Chipotle Under Pressure As Oppenheimer Says Sell After Recent Heat

Shares of Chipotle Mexican Grill (CMG) are sliding after Oppenheimer analyst Brian Bittner downgraded the stock to Underperform, a sell-equivalent rating. The analyst argued that the shares "high-flying" valuation has "priced in" an earnings path that Bittner believes is "too optimistic," even when assuming healthy sales.
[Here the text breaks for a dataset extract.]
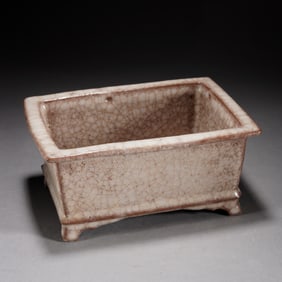 OLD KILN FOUR-LEGGED FLOWERPOT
SELL CHIPOTLE: In a research note to investors this morning, Oppenheimer's Bittner downgraded Chipotle to Underperform from Perform, with a $400 price target, as his analysis now supports downside to the 18-month risk/reward. The analyst pointed out that Chipotle's "high-flying" valuation has "priced in" persistent mid-single same-store sales and a path to at least $20 of earnings per share versus $8-$9 this year. His work suggests this earnings path is "too optimistic," even when assuming healthy sales. Further, Bittner argued that an auto-boost to the 5%-plus same-store sales trends investors require from new marketing, digital and product strategies appears aggressive when applying all the moving factors. Overall, the analyst told investors that he can only support $20 of EPS by underwriting high-single-digit same-store sales through 2020, which he views as unlikely. The Street's margin expansion assumptions could be difficult to achieve without meaningful sales upside owing to labor headwinds, potential store-level investments and lack of menu-pricing upside, he contended.

10 UPGRADES SINCE FEBRUARY: Oppenheimer's Bittner also highlighted in his research note that since the company's new CEO announcement in February, Chipotle is up 82% and has been upgraded 10 different times by his Wall Street peers. Moreover, despite its 13% decline since late August, Chipotle has been upgraded three times since July 30th. On August 15, Morgan Stanley analyst John Glass upgraded the stock to Overweight from Equal Weight, citing what he views as increasing evidence that makes his bull case scenario more believable. Specifically, Glass highlighted accelerating top line growth, driven by a quickened pace of new product introductions, greater opportunities in store margins, and a "more benign" competitive environment. The analyst also raised his price target on the shares to $600 from $413. Two weeks before, his peer at Jefferies had upgraded Chipotle to Buy from Hold, while raising his price target on the stock to $550 from $400. Analyst Andy Barish told investors in a research note of his own at the time that he believes Chipotle is one of the better-positioned companies to benefit from the ongoing shift to digital/off-premise. The company's operations are now poised to again handle increased volume and throughput, the analyst contended. Further, he argued that new management's plans are "credible" and should help drive results in 2019 and beyond.

WHAT'S NOTABLE: Chipotle has announced it is piloting the company's highly anticipated new loyalty program, Chipotle Rewards. As the latest innovation in Chipotle's ongoing efforts to drive digital innovation and make the brand more accessible, the points-based loyalty system is now live in three test markets, namely Phoenix, Kansas City, and Columbus, Ohio. Eligible customers in each of the three test markets can sign-up for Chipotle Rewards via the Chipotle app or on Chipotle.com. Those who enroll can earn 10 points for every $1 spent, with 1,250 points resulting in a free entree. To drive even more digital orders, customers can earn 15 points for every $1 spent in the app and online for a limited time. Customers in pilot markets can also earn free chips and guac after their first purchase using Chipotle Rewards.

PRICE ACTION: In morning trading, shares of Chipotle have dropped about 0.5% to $452.07.